The bazaar, presented by the de Young Museum Textile Arts Council, brought artisans and vendors from across the Bay Area together in the St. Mary’s Cathedral Event Center. The event featured free admission for all attendants. Vibrant jewelry, fabrics, and accessories decorated the vendors’ tables, forming intricately lined pathways that customers explored.

Helpers Community Inc., a nonprofit organization, hosted a table with handmade Christmas cards, ornaments, vintage Holiday dolls, mugs and an assortment of home decorations.

From left, Helpers Community Inc. leaders Christopher Morioks, Marilyn Harrison and Robert Harrison at the de Young Museum’s Holiday Textile Bazaar. Photos by Jack Quoch.

The nonprofit, located on Fulton Street, seeks to promote wellness and rehabilitation for those with disabilities and special needs. Helpers Community collaborates with local organizations to engage in art creation. At the Holiday Textile Bazaar, they displayed small posters next to the items. These posters shared the names and stories of the artists who belonged to the communities connected with the nonprofit.

Founded in 1953, Helpers Community has served in Bay Area communities to encourage greater involvement in the arts – the vintage dolls originated in the 1960s. Marilyn Harrison, the retail marketing director for the organization, greeted passersby to share about the group’s mission.

“I work with all of the different artists in the organizations because I really feel like we want to be a voice for artists with developmental disabilities,” she said.

After connecting with lead directors within the Textile Arts Council, Harrison and Helpers Community joined the textile bazaar for the first time in November.
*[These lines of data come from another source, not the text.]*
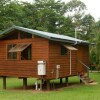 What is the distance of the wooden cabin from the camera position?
19.4 m

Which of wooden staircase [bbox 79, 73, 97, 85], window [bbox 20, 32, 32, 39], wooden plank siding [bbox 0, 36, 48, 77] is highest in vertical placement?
window [bbox 20, 32, 32, 39]

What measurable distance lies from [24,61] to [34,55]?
890 millimetres

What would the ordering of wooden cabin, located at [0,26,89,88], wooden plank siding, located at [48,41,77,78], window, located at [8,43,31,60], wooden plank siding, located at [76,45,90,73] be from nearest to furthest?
wooden cabin, located at [0,26,89,88] < wooden plank siding, located at [48,41,77,78] < window, located at [8,43,31,60] < wooden plank siding, located at [76,45,90,73]

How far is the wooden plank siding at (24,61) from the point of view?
19.6m

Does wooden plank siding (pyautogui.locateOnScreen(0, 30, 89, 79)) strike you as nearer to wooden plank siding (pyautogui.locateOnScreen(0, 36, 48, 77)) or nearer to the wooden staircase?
wooden plank siding (pyautogui.locateOnScreen(0, 36, 48, 77))

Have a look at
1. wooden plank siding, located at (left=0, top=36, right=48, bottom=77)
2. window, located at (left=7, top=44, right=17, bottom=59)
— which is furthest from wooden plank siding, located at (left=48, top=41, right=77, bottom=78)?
window, located at (left=7, top=44, right=17, bottom=59)

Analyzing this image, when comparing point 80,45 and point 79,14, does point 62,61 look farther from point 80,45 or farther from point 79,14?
point 79,14

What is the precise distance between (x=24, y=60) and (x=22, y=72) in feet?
2.76

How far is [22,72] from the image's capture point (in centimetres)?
2031

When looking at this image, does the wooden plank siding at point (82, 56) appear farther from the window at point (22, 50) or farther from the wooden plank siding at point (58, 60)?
the window at point (22, 50)

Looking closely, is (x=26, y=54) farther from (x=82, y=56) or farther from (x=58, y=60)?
(x=82, y=56)

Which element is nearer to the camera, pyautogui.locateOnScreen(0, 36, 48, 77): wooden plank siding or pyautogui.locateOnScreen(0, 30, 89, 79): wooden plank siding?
pyautogui.locateOnScreen(0, 30, 89, 79): wooden plank siding

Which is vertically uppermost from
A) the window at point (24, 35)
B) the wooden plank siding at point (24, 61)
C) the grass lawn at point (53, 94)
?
the window at point (24, 35)

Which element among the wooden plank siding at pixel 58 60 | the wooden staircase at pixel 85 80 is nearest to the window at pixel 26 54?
the wooden plank siding at pixel 58 60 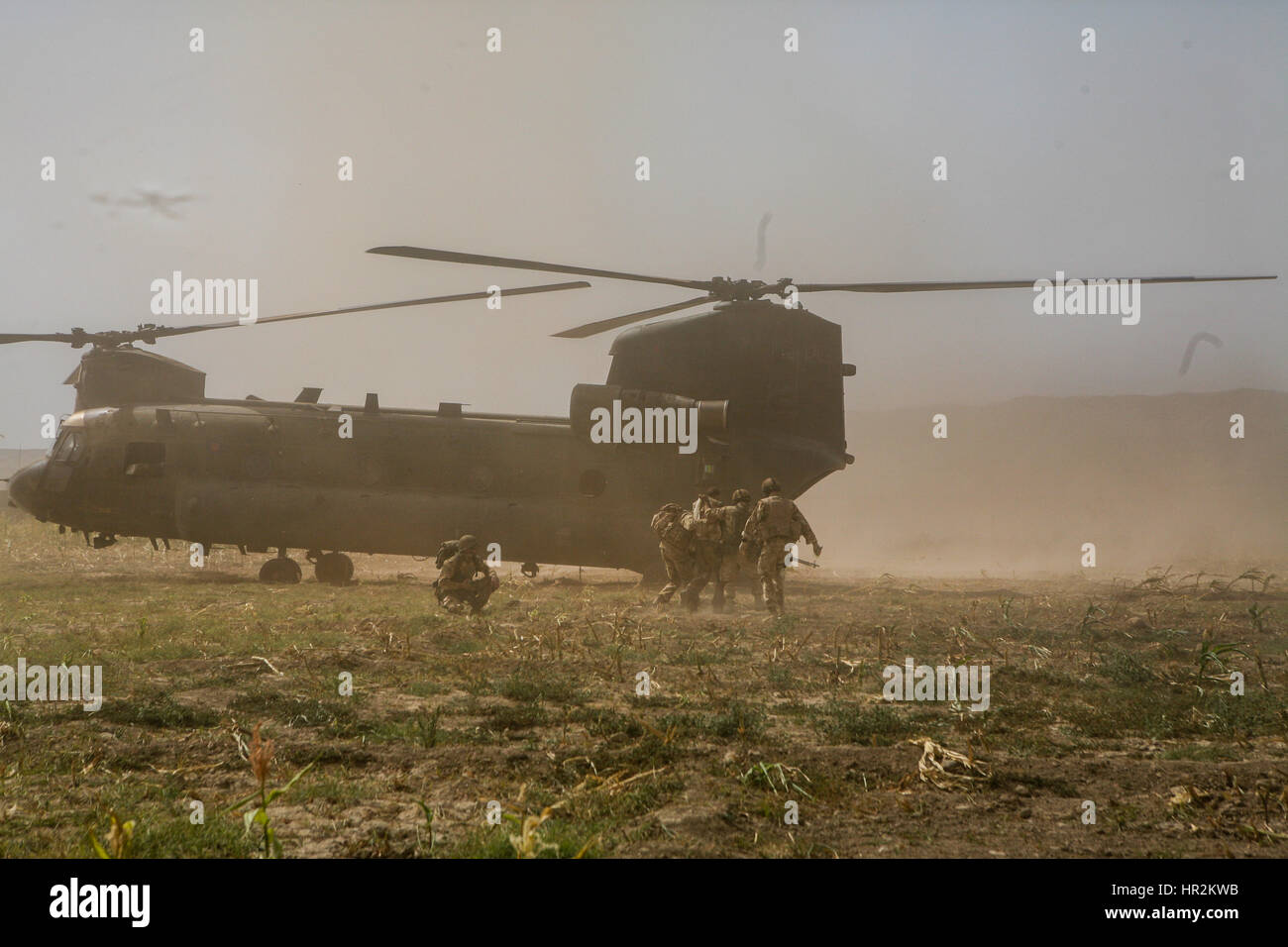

The experience inspired confidence about the inclusion of different abilities in the space of art and creativity.

The Helpers Community table displays vibrant cards and holiday decorations made by artists with disabilities.

“I’m thrilled to be here,” Harrison said. “My hope is that there is more awareness about the talent that individuals with developmental disabilities have.”

Along with a variety of cities in the Bay Area, the bazaar spotlighted artwork from a diversity of ethnic regions and cultures. One such stand was Art by YJ, which featured South Asian designs created by Singaporean artist Vyjayanthi Malladi. Malladi uses a technique called batik, a design which incorporates wax dyeing onto cloth. It also is a highly meticulous skill usually taught to selective populations.

Sharing the pieces of art through the holiday bazaar represented a way of “teaching the younger generation of artists, who are going to be preserving this culture,” said Maryam Khawar, an intern at the business and current student at UC Berkeley. She added that in the artist’s first year living in the Bay Area, connecting with the de Young Museum proved to be an “amazing experience.”

Many vendors featured a collection made and curated by an artist. Peggy Osterkamp, an artist centered in Fort Mason, displayed detailed patterns and jewelry, which caught the attention of strollers and dedicated shoppers. Osterkamp, who formerly taught at City College, said she gained a love for weaving by combining her passion for teaching and eagerness to learn a new skill.

Similarly, Dianne Boate enjoyed using the presence of the Holiday Textile Bazaar as an outlet for her creative interests in painting, photography and crafting. She added that her business gave her a way of interacting with her neighborhood after recovering from health issues that prevented much social interaction.

Throughout the walkways created by the lined tables, shoppers held up clothing pieces to each other, tried on hats in front of mirrors, and engaged in conversation with vendors. A sense of appreciation for the artistry and craftsmanship flowed throughout.